* _What the exercise asks_
Of the lines below, write out exactly those from the line with "You should practise" through the line with "Pack 10 sheets", both included, and skip the rest.

* _Material to process_

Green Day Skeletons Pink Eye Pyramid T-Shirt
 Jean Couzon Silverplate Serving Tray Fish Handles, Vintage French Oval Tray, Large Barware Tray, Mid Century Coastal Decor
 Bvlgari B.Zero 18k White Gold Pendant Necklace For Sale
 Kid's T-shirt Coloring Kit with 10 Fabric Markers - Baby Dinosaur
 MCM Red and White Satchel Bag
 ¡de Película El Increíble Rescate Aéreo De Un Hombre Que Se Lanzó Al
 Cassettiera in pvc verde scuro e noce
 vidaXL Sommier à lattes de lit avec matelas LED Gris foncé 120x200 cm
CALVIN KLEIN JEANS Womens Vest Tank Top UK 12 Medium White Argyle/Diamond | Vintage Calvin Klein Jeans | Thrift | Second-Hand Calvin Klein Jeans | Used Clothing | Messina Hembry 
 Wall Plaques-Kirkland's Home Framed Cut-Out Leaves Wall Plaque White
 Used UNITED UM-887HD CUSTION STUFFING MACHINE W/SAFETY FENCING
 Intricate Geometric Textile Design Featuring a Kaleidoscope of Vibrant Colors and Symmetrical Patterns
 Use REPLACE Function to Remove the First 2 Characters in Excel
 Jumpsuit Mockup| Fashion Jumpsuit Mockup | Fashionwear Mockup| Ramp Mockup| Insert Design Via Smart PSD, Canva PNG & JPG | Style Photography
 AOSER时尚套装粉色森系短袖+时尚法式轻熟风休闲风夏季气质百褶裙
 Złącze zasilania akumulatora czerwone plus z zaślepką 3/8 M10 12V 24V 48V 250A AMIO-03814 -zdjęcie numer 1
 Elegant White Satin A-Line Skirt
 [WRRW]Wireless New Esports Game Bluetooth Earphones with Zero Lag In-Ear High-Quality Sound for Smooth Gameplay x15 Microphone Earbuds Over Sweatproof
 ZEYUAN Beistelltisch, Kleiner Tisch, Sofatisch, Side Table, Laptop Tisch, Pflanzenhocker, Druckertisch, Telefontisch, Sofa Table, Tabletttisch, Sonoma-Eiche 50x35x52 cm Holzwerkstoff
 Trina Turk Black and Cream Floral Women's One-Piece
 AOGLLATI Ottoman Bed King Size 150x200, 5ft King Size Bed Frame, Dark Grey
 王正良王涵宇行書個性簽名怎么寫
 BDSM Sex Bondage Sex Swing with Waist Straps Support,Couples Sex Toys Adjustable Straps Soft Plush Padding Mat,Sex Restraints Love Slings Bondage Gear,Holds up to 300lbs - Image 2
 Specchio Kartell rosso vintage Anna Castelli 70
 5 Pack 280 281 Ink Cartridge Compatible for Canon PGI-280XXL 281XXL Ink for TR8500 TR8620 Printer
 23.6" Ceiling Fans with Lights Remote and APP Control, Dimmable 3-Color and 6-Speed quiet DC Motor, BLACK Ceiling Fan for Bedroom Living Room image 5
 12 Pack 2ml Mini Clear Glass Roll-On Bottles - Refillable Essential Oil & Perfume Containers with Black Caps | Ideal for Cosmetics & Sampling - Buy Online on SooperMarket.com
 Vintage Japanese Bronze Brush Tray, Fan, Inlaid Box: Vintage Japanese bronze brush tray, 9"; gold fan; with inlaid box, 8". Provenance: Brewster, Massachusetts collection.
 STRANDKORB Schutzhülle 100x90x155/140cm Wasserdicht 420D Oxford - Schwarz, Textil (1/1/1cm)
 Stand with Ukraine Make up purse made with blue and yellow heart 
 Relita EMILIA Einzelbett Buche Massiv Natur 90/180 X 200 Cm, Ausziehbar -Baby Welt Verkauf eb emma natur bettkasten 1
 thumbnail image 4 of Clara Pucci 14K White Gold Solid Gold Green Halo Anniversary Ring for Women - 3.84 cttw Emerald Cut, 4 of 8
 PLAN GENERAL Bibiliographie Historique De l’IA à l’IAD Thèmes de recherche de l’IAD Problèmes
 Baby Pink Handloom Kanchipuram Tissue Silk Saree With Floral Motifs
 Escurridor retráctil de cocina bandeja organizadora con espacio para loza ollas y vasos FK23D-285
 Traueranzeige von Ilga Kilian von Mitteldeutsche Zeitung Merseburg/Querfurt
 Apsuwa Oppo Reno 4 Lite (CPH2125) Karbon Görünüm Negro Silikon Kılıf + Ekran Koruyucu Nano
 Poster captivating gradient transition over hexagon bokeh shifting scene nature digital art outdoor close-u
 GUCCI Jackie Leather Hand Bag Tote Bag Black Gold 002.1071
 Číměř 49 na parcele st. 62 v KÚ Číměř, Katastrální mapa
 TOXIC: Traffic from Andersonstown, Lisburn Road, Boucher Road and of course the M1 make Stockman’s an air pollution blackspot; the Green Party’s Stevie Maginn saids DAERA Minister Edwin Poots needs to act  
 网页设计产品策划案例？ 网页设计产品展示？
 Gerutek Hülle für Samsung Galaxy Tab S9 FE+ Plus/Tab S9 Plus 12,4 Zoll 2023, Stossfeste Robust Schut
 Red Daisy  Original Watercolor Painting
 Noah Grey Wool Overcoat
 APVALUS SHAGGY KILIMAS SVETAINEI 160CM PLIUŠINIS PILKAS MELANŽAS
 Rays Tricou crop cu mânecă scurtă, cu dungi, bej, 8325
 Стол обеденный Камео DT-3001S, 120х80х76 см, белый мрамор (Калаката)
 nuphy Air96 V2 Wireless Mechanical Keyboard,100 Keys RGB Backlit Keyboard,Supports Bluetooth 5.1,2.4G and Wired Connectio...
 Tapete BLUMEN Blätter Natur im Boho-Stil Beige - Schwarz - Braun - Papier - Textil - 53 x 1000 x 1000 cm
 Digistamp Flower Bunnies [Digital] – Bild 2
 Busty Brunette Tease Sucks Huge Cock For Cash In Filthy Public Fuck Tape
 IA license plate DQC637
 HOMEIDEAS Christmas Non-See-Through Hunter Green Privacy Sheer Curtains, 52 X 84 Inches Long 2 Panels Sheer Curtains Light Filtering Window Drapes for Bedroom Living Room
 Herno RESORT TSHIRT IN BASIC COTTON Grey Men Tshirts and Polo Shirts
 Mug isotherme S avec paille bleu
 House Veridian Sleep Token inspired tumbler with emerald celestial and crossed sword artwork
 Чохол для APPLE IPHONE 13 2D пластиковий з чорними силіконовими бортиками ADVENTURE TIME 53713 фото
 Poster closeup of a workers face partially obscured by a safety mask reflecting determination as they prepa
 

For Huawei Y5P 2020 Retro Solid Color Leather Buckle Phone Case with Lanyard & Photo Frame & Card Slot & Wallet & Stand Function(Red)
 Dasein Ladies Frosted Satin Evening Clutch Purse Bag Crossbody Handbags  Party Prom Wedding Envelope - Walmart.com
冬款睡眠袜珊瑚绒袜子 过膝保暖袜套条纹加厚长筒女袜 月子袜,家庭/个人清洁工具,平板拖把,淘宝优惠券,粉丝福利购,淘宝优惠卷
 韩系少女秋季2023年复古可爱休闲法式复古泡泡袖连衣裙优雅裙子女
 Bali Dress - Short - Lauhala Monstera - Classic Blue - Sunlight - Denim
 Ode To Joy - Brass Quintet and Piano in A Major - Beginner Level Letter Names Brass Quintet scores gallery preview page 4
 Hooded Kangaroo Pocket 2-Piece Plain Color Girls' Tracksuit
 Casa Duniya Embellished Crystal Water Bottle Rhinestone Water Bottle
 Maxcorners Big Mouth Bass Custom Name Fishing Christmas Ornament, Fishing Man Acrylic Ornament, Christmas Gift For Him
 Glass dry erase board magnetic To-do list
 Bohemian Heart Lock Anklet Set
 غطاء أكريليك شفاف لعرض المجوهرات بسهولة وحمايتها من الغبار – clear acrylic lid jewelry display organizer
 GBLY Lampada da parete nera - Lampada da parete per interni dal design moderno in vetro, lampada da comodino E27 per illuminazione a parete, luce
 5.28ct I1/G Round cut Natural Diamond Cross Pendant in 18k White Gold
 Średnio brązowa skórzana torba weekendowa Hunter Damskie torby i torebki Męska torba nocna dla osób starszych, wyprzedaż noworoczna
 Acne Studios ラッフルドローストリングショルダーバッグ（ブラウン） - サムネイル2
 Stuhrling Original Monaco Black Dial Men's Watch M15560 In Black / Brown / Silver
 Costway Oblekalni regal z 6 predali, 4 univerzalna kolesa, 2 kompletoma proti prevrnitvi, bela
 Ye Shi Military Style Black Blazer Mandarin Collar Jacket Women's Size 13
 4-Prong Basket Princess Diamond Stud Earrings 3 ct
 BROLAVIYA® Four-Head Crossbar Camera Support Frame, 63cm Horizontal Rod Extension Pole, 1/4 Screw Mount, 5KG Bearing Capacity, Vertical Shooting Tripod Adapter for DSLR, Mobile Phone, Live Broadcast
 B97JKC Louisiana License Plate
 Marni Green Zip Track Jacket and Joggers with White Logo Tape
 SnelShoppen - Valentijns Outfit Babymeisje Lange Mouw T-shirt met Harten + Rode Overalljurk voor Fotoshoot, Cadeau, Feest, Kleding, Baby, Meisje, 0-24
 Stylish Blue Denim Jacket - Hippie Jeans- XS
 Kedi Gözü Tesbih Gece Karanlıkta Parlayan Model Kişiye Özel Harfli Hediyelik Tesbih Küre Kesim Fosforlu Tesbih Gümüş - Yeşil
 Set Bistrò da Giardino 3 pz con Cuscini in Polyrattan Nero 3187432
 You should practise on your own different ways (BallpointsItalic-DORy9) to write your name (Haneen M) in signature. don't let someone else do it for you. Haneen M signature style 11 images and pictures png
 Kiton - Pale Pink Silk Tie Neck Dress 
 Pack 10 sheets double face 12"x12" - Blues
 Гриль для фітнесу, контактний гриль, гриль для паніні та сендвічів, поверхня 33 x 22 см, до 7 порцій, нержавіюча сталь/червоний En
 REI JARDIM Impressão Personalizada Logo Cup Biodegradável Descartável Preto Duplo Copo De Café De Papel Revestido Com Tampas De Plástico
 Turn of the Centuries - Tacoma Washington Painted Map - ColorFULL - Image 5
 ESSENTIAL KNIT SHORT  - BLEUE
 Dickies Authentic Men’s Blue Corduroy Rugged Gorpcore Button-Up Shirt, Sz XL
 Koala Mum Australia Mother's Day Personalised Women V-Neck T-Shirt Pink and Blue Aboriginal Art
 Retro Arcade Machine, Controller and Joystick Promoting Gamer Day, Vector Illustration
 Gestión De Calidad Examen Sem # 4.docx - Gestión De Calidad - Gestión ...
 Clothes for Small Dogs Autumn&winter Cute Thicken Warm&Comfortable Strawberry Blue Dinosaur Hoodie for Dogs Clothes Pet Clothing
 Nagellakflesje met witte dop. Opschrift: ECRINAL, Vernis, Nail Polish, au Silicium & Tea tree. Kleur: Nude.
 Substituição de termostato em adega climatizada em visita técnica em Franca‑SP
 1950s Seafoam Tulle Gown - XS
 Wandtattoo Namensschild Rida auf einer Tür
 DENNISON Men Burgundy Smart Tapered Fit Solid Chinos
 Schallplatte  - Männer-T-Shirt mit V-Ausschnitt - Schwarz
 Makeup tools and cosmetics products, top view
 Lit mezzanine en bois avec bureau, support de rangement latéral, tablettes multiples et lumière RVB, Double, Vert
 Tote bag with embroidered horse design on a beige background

* _Problem solution_
 You should practise on your own different ways (BallpointsItalic-DORy9) to write your name (Haneen M) in signature. don't let someone else do it for you. Haneen M signature style 11 images and pictures png
 Kiton - Pale Pink Silk Tie Neck Dress 
 Pack 10 sheets double face 12"x12" - Blues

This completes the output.